Greedy Agent (Move toward target)

from envs.warehouse_env import WarehouseEnv, WarehouseAction

def get_greedy_action(obs):
    """Simple greedy policy: move toward nearest target."""
    robot_x, robot_y = obs.robot_position

    # If not carrying, move toward nearest waiting package
    if obs.robot_carrying is None:
        for pkg in obs.packages:
            if pkg["status"] == "waiting":
                target_x, target_y = pkg["pickup_location"]
                break
        else:
            return 4  # Try to pick up if at location
    else:
        # Move toward dropoff zone
        pkg = next(p for p in obs.packages if p["id"] == obs.robot_carrying)
        target_x, target_y = pkg["dropoff_location"]

    # Simple pathfinding: move closer on one axis
    if robot_x < target_x:
        return 3  # RIGHT
    elif robot_x > target_x:
        return 2  # LEFT
    elif robot_y < target_y:
        return 1  # DOWN
    elif robot_y > target_y:
        return 0  # UP
    else:
        # At target location
        return 4 if obs.robot_carrying is None else 5

env = WarehouseEnv.from_docker_image("warehouse-env:latest")

for episode in range(10):
    result = env.reset()
    done = False

    while not done:
        action_id = get_greedy_action(result.observation)
        action = WarehouseAction(action_id=action_id)
        result = env.step(action)
        done = result.done

    state = env.state()
    print(f"Episode {episode}: {state.packages_delivered}/{state.total_packages} delivered, "
          f"reward: {state.cum_reward:.2f}")

env.close()

Integration with RL Libraries

Stable Baselines 3

import gymnasium as gym
import numpy as np
from stable_baselines3 import PPO
from envs.warehouse_env import WarehouseEnv, WarehouseAction

class WarehouseGymWrapper(gym.Env):
    """Gymnasium wrapper for Warehouse environment."""

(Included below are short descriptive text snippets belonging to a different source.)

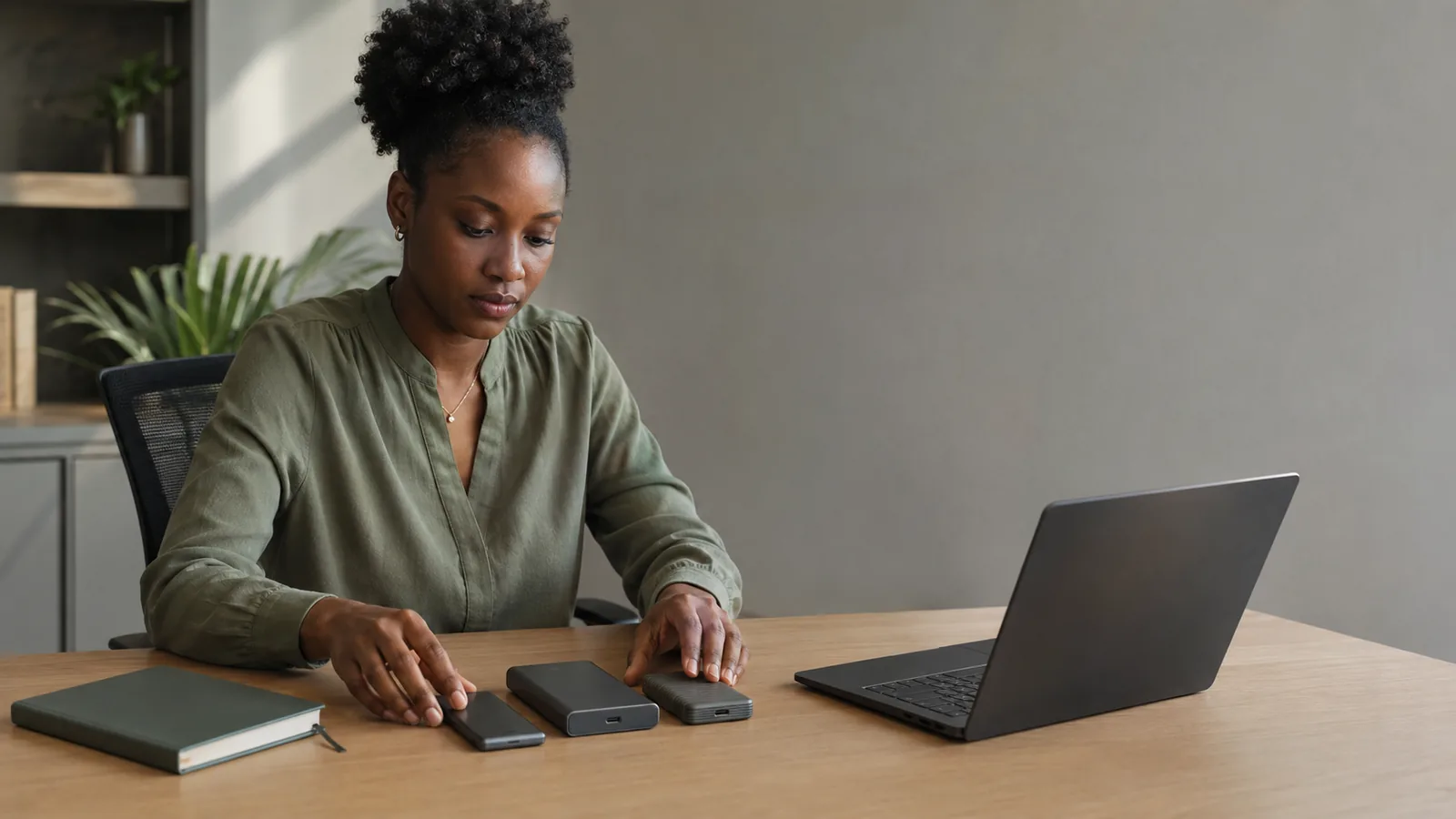From Silos to Insights: Architecting Enterprise Data Lakehouses for Regional Power BI Visibility - Technical Whitepaper by 912-Blog From Silos to Insights: Architecting Enterprise Data Lakehouses for Regional Power BI Visibility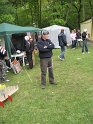 2012_0506_05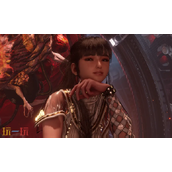 剑星预购价格是多少 标准版与豪华版售价详情​介绍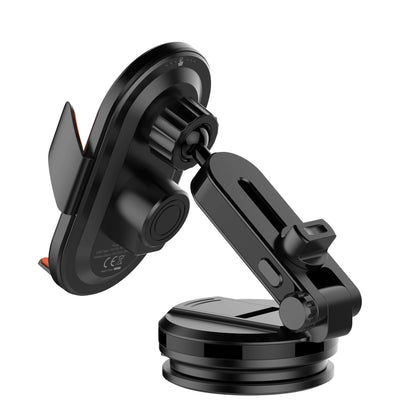 LDNIO MW21-1  Car  Phone Charger & Holder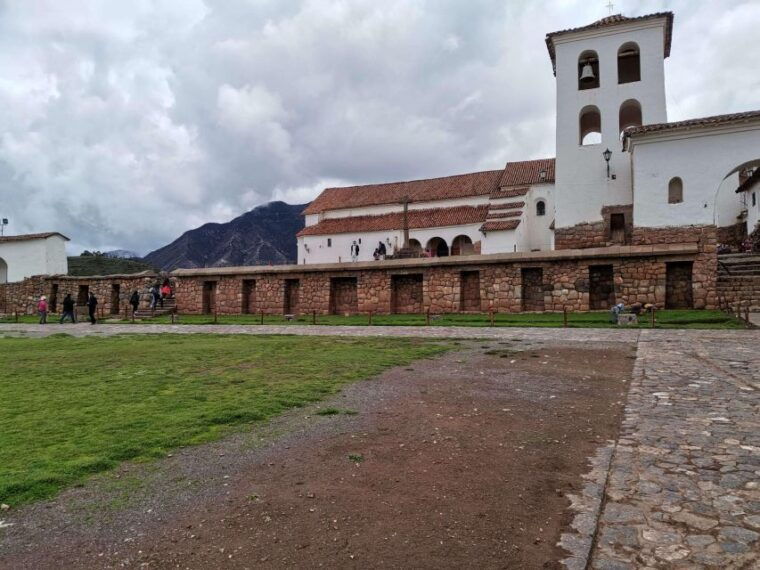 excursion-to-the-sacred-valley-of-the-incas-buffet-lunch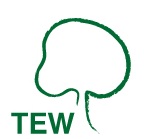 Logo of TEW Transport und Erden GmbH Wellmitz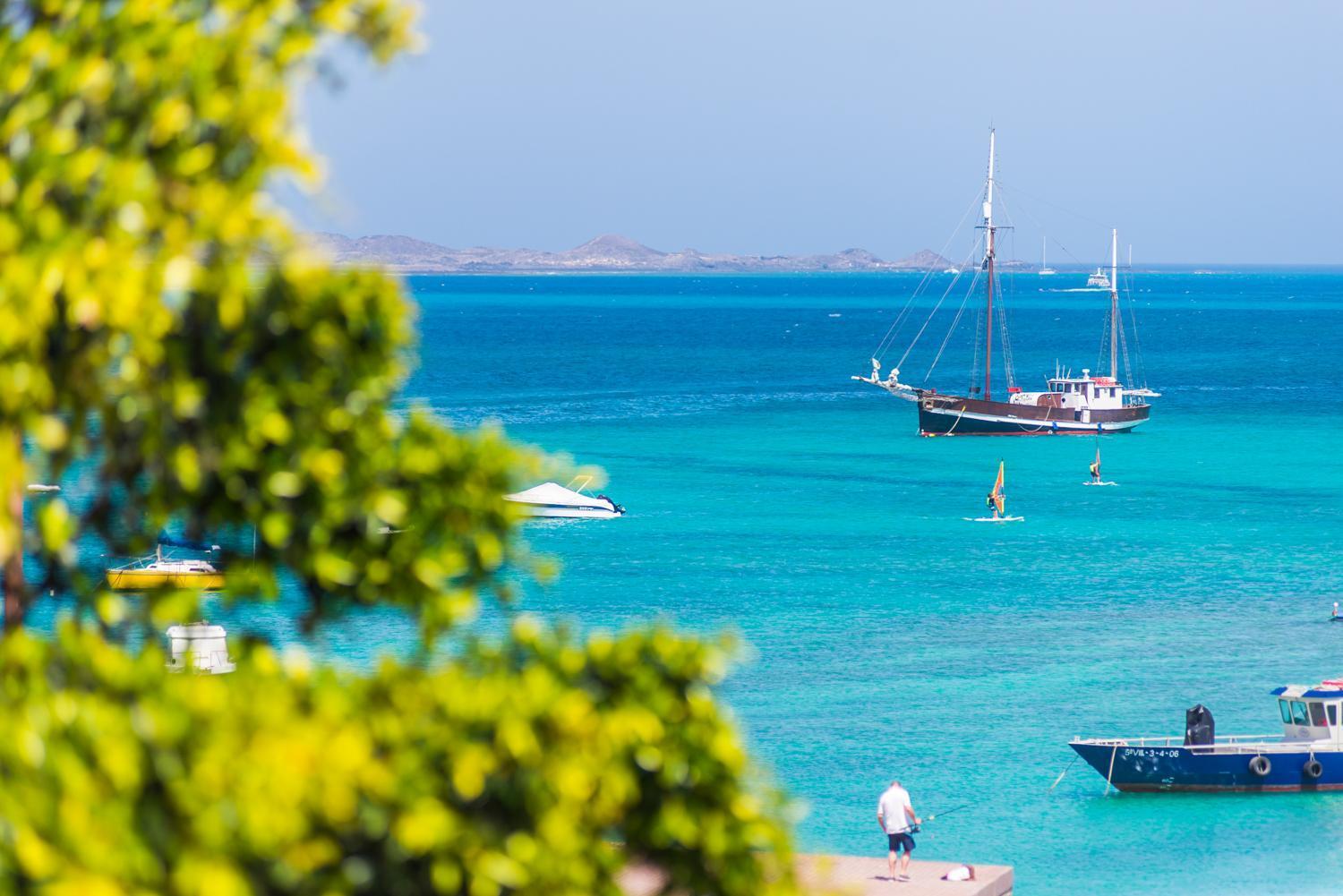 4Rooms Fuerteventura Corralejo Ngoại thất bức ảnh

    def __init__(self, base_url="http://localhost:8000"):
        super().__init__()
        self.env = WarehouseEnv(base_url=base_url)

        # Define spaces (simplified)
        self.action_space = gym.spaces.Discrete(6)

        # Observation: grid + robot state + package info
        # For simplicity, use flattened representation
        self.observation_space = gym.spaces.Box(
            low=0, high=255,
            shape=(200,),  # Adjust based on grid size
            dtype=np.float32
        )

    def reset(self, **kwargs):
        result = self.env.reset()
        obs = self._process_obs(result.observation)
        return obs, {}

    def step(self, action):
        result = self.env.step(WarehouseAction(action_id=int(action)))
        obs = self._process_obs(result.observation)
        return obs, result.reward, result.done, False, {}

    def _process_obs(self, observation):
        # Flatten grid and add robot/package info
        grid_flat = np.array(observation.grid).flatten()
        robot_pos = np.array(observation.robot_position)
        carrying = np.array([1 if observation.robot_carrying else 0])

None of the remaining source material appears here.